Liebe Claudia, Silva hat Dir zu Weihnachten 2008 etwas zu sagen

„Dir Claudia

Es ist noch gar nicht so lange her, im Sommer 2005, da hat fast geschlagen meine letzte Stund, da war ich plötzlich so krank und mein Frauchen hat so sehr um mich gebangt.

Dann kamst Du, Du die Einzige unter den vielen Menschen, Du wusstest, was mir fehlt und hattest so viel Gutes für mich zu verschenken.

Dank Dir und Deinem Mut, Deiner Hoffnung und Deinem Glauben,

geht es mir heute wieder gut.

Ich Silva, habe Dir viele Jahre meines Lebens zu verdanken, und bitte liebe Claudia, komm jetzt nicht ins Schwanken, denn es ist wahr,

ich und mein Frauchen und viele andere meiner Rasse,

haben Dir unendlich viel zu verdanken, sei Dir dessen gewahr.
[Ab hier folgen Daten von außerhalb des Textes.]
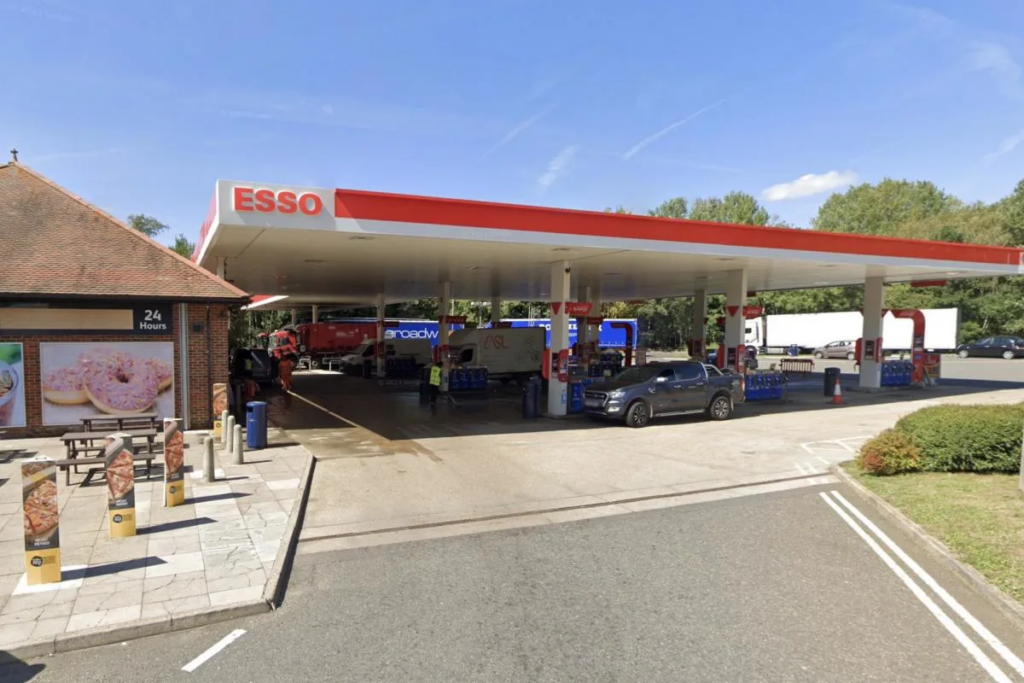The cheapest petrol stations in south east London ahead of Christmas

Source: https://uk.news.yahoo.com/cheapest-petrol-stations-south-east-050000610.html?guccounter=1&guce_referrer=aHR0cHM6Ly93d3cuZ29vZ2xlLmNvbS8&guce_referrer_sig=AQAAAKNfpfcSOBZ_NtP7wOhm_oLQzNVf61n3hRW5e83dCzyQpst5hZOy00HeScdGG87OLwGpnTYVM2Tugqevzc_96w_TPHomdBIEnWDmfzRKh0ImkNtaRlBTijP880Y5tO5qLjJIWUH1HEYIuDiPfG9RlWxYiJxXUjq3E227mtHO_LpY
Mein Frauchen und ich denken oft still an Dich,

denn Du bist uns ein so großer Segen,

die Engel mögen Dich schützen auf all Deinen Wegen.

Du hast mein Leben wieder lebenswert gemacht,

auf unbestimmte Zeit, aber wer hätte das je gedacht.

Mein Pferdeherz so voller Kraft,

denkt an Dich und schlägt für Dich in liebevoller Dankbarkeit,

für mein schönes Fellkleid, ohne Schmerzen und Wunden und dicken Beinen.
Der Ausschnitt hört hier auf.